[Prompt] If a line in the data below includes the string "High", please return a copy of it.

____________________

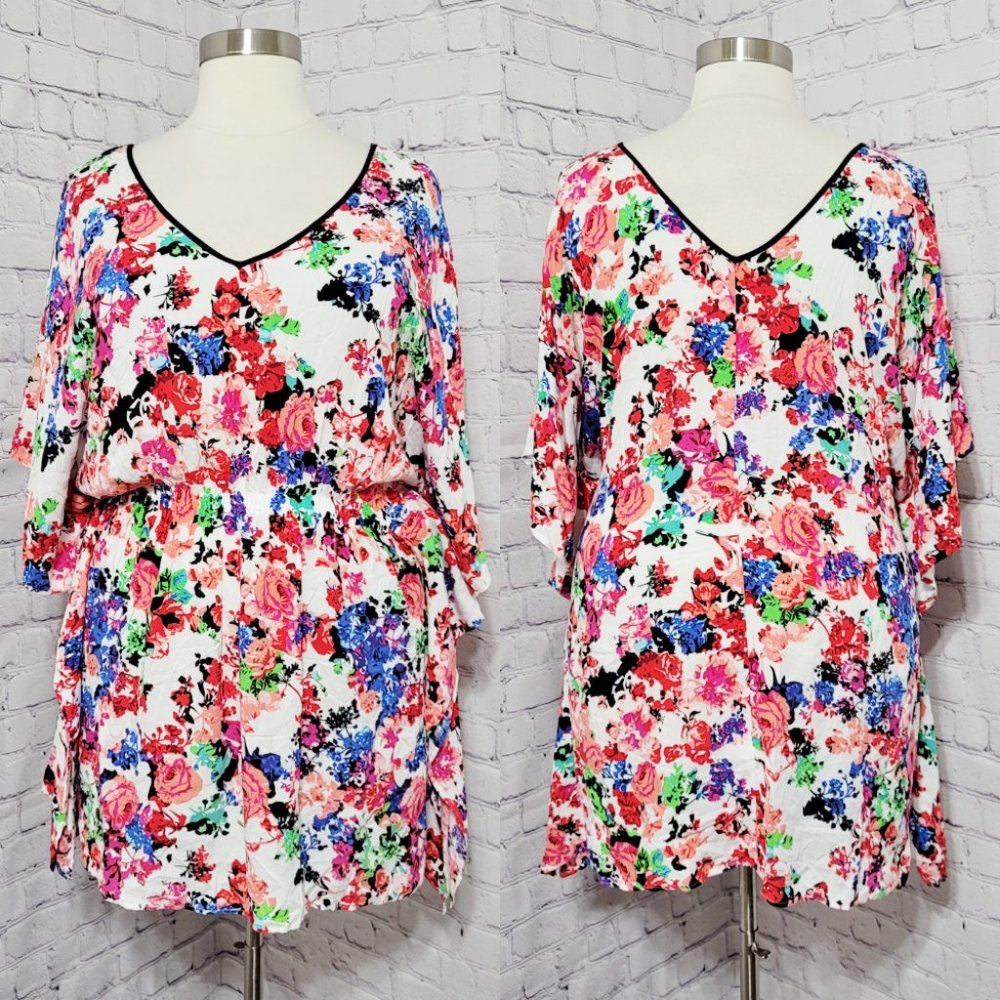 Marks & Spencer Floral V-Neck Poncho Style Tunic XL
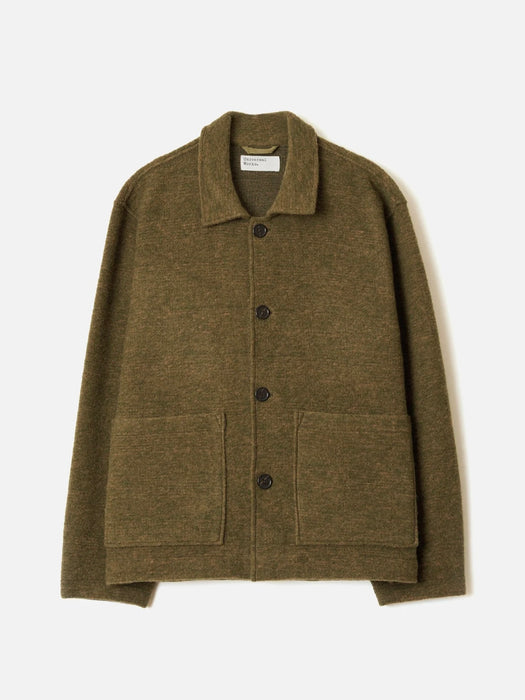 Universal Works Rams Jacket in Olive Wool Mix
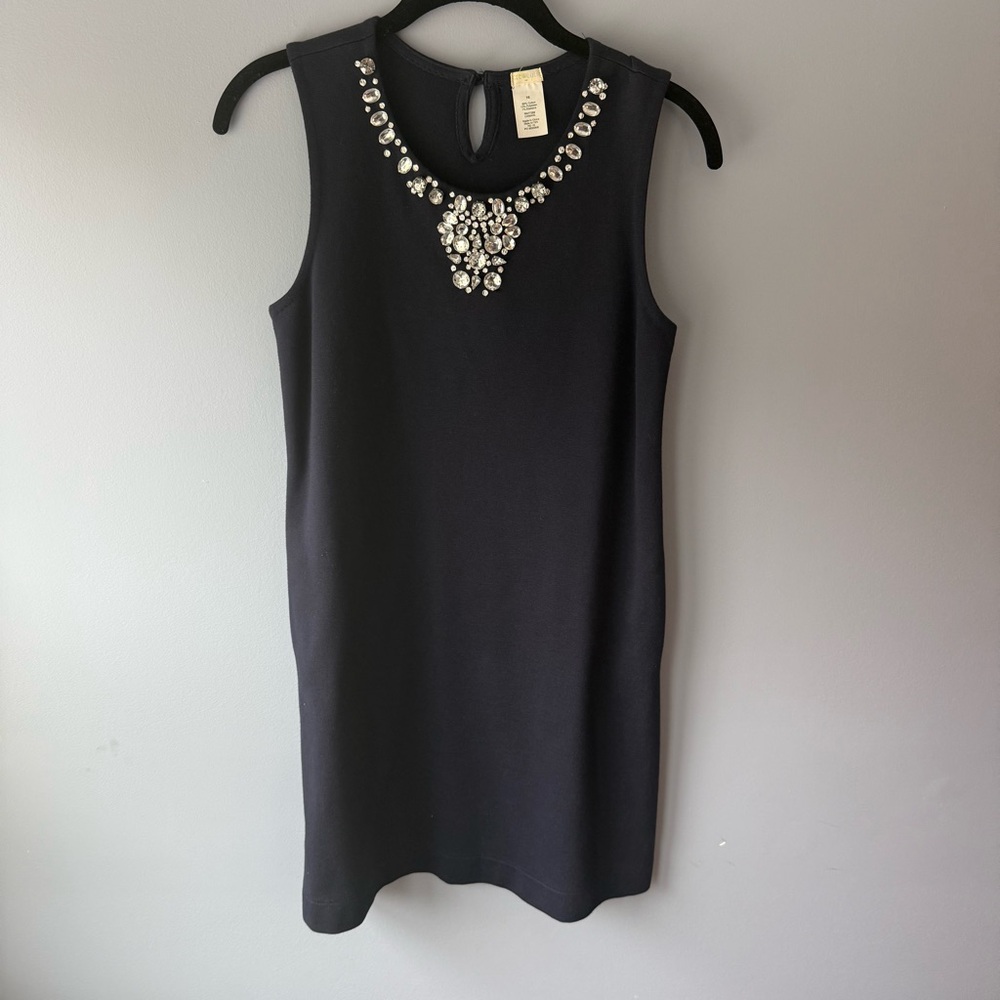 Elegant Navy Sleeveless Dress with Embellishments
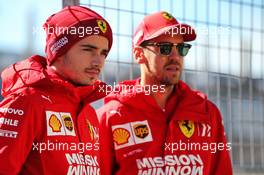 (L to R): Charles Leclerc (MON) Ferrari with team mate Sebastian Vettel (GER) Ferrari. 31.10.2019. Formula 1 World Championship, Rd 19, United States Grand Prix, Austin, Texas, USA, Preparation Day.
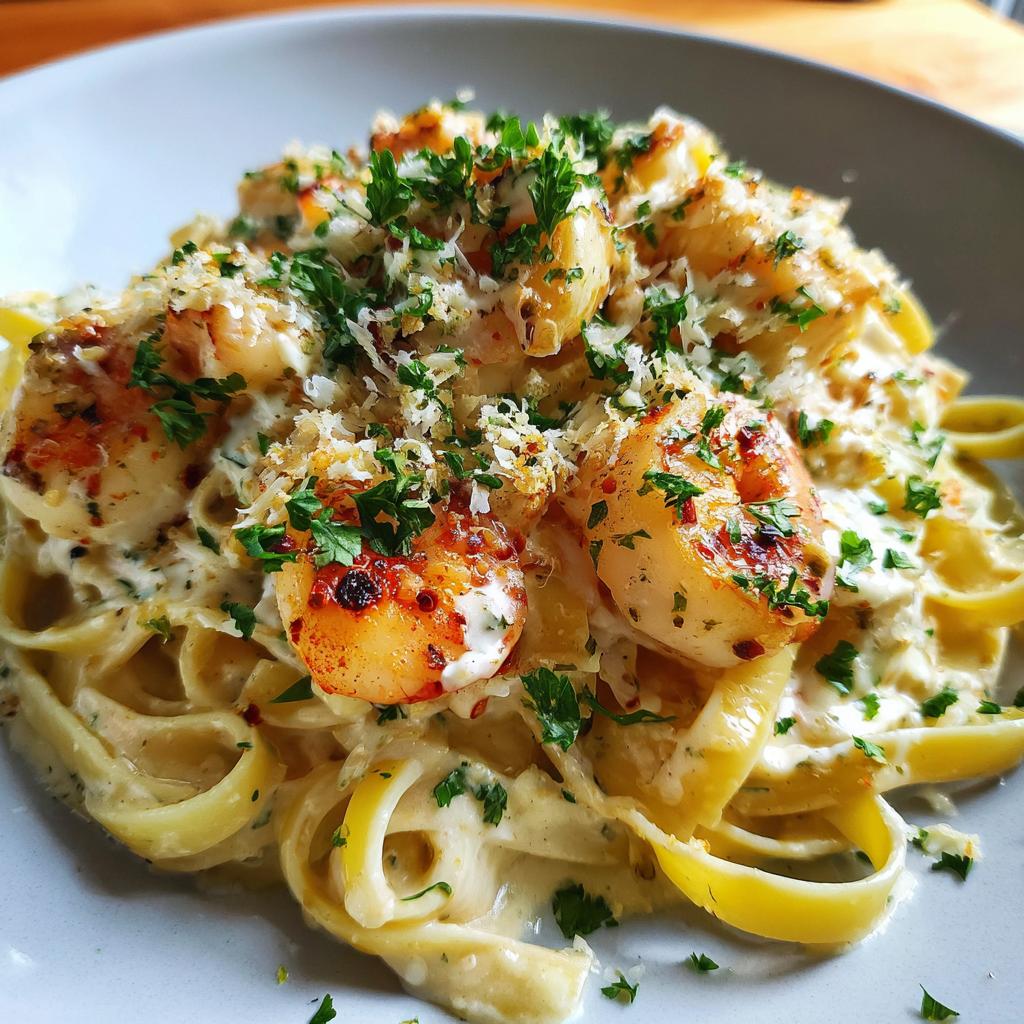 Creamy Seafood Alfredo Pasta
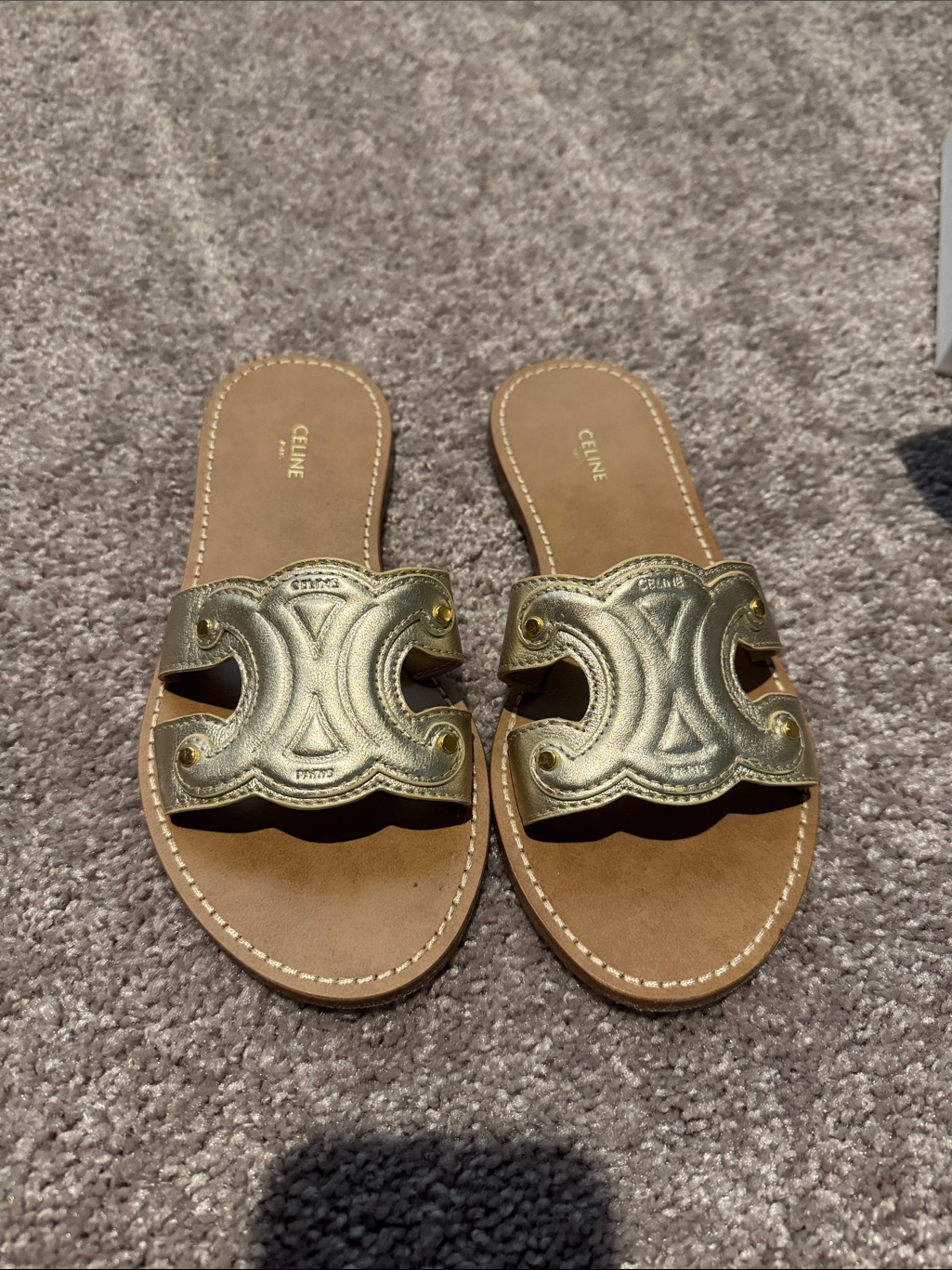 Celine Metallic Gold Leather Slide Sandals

____________________

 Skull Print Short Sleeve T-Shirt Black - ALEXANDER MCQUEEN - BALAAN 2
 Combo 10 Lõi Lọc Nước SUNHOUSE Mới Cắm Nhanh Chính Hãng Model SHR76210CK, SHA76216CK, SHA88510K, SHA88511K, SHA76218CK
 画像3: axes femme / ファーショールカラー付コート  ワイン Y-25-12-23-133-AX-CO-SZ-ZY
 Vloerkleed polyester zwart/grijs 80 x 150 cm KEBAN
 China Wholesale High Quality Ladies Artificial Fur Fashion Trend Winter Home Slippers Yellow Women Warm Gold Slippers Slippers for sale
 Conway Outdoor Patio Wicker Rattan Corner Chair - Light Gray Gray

____________________

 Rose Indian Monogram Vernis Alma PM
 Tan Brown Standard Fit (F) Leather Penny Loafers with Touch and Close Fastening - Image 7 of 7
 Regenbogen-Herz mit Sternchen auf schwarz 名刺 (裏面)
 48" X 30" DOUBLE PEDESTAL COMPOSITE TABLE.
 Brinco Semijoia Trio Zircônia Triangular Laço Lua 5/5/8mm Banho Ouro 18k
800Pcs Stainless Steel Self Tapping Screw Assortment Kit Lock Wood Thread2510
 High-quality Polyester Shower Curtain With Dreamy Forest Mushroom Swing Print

____________________

[Response to the exercise]
 China Wholesale High Quality Ladies Artificial Fur Fashion Trend Winter Home Slippers Yellow Women Warm Gold Slippers Slippers for sale
 High-quality Polyester Shower Curtain With Dreamy Forest Mushroom Swing Print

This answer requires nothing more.